(Entries taken from a collection)
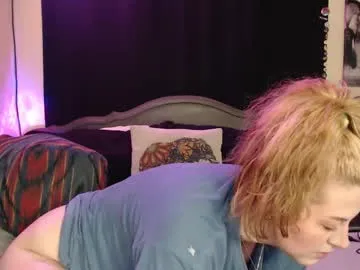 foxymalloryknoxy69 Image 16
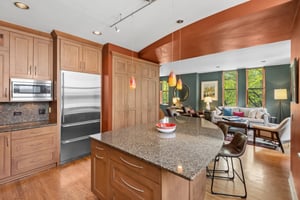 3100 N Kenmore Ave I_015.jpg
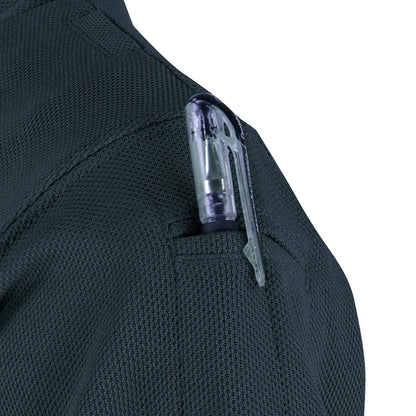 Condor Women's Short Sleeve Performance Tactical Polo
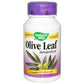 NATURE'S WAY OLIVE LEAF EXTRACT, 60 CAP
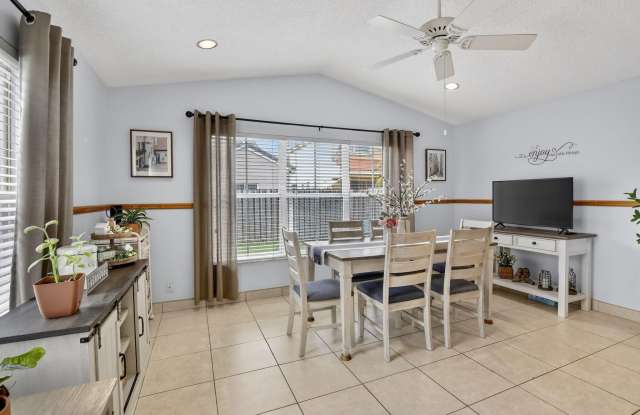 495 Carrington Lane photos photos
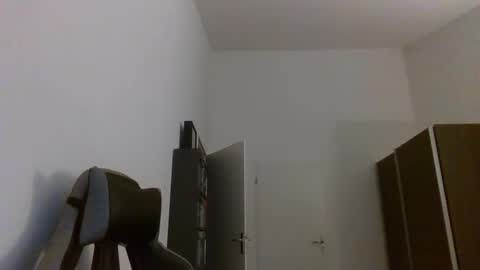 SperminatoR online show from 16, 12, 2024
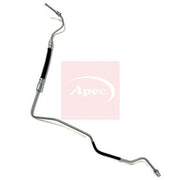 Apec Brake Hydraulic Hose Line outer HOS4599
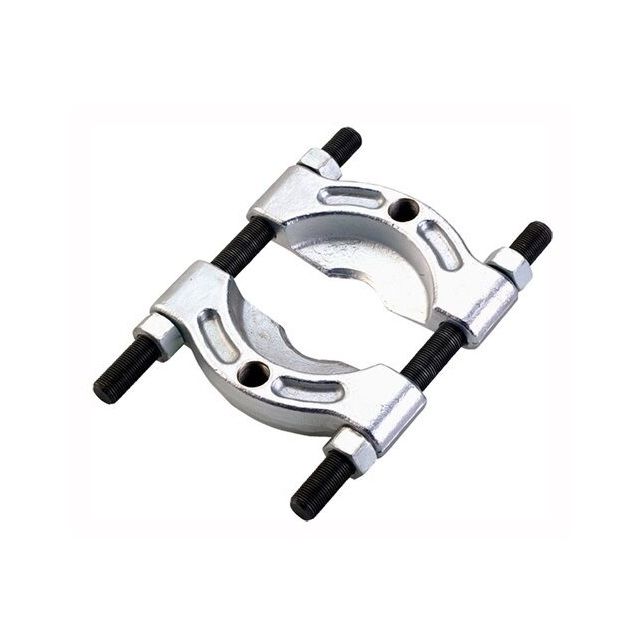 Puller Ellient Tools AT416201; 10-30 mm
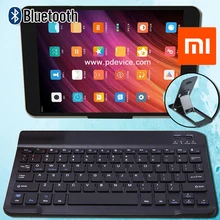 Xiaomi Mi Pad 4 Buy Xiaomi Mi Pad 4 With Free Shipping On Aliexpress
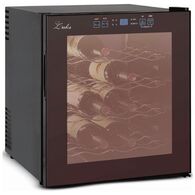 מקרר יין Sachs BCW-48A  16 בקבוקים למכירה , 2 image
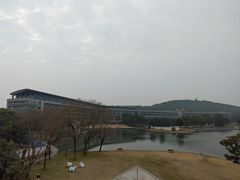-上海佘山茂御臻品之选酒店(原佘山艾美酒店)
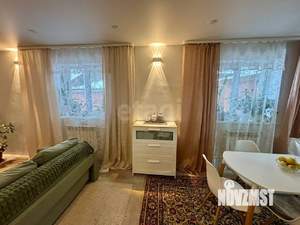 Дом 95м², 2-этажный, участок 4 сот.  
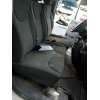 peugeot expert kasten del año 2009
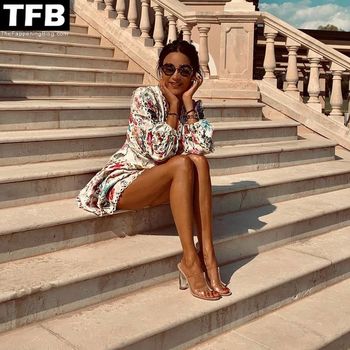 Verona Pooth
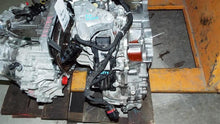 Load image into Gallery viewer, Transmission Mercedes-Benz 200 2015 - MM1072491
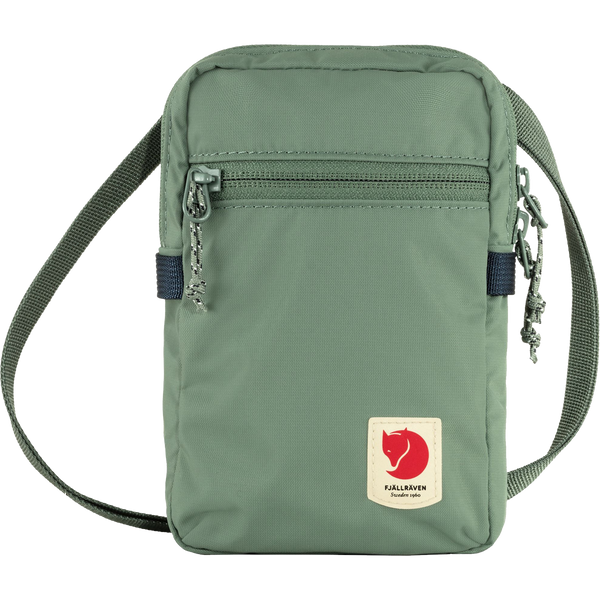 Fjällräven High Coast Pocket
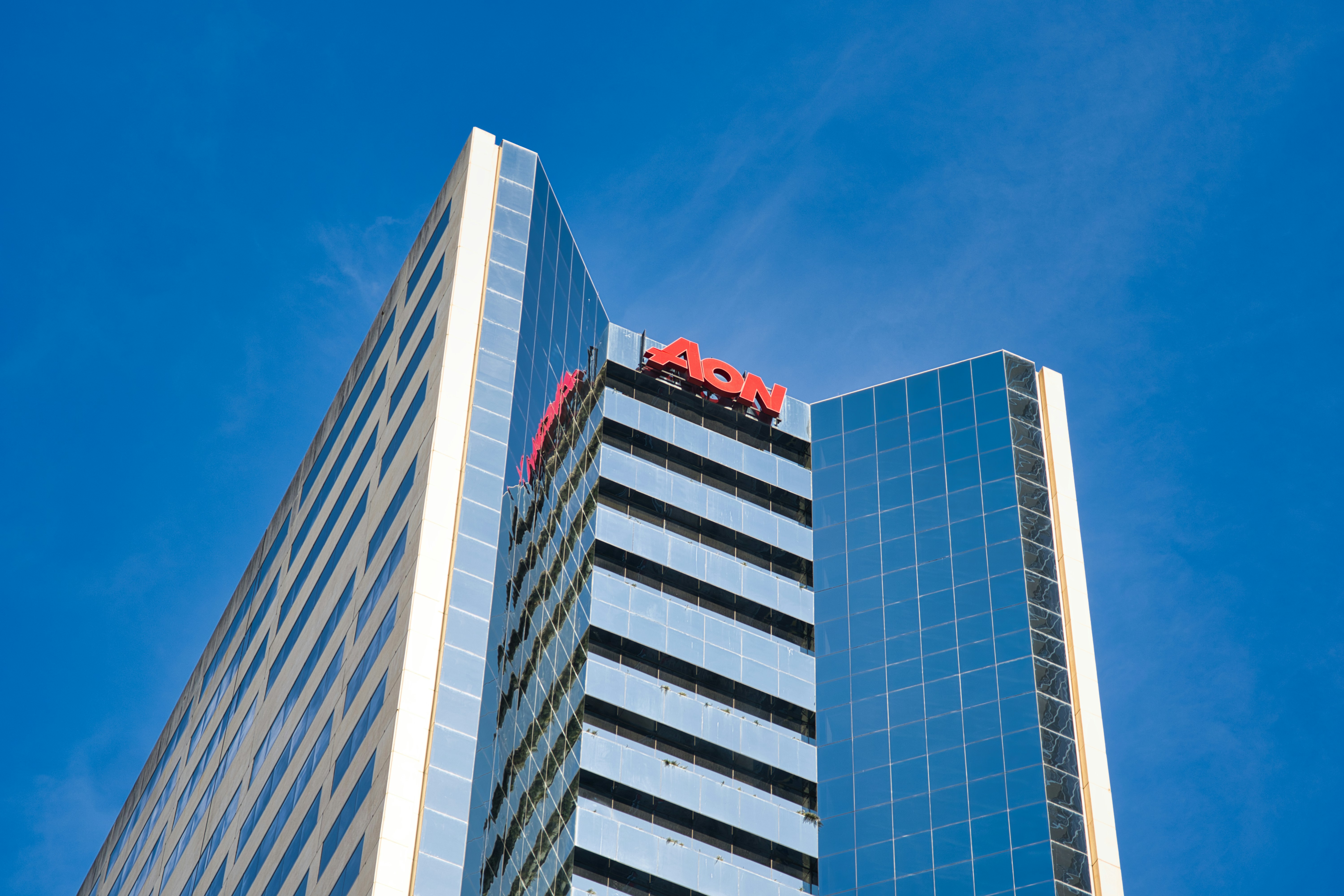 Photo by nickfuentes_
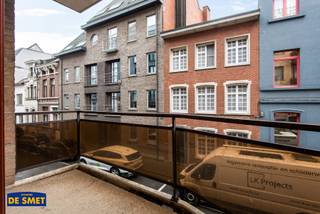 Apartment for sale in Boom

- **Assignment**: Reproduce exactly and only the lines from the one with "3100 N Kenmore Ave I_015.jpg" through the final line of the records above, inclusive. Pictures must be left out.

- **Solved problem**:
 3100 N Kenmore Ave I_015.jpg
 Condor Women's Short Sleeve Performance Tactical Polo
 NATURE'S WAY OLIVE LEAF EXTRACT, 60 CAP
 495 Carrington Lane photos photos
 SperminatoR online show from 16, 12, 2024
 Apec Brake Hydraulic Hose Line outer HOS4599
 Puller Ellient Tools AT416201; 10-30 mm
 Xiaomi Mi Pad 4 Buy Xiaomi Mi Pad 4 With Free Shipping On Aliexpress
 מקרר יין Sachs BCW-48A  16 בקבוקים למכירה , 2 image
-上海佘山茂御臻品之选酒店(原佘山艾美酒店)
 Дом 95м², 2-этажный, участок 4 сот.  
 peugeot expert kasten del año 2009
 Verona Pooth
 Load image into Gallery viewer, Transmission Mercedes-Benz 200 2015 - MM1072491
 Fjällräven High Coast Pocket
 Photo by nickfuentes_
 Apartment for sale in Boom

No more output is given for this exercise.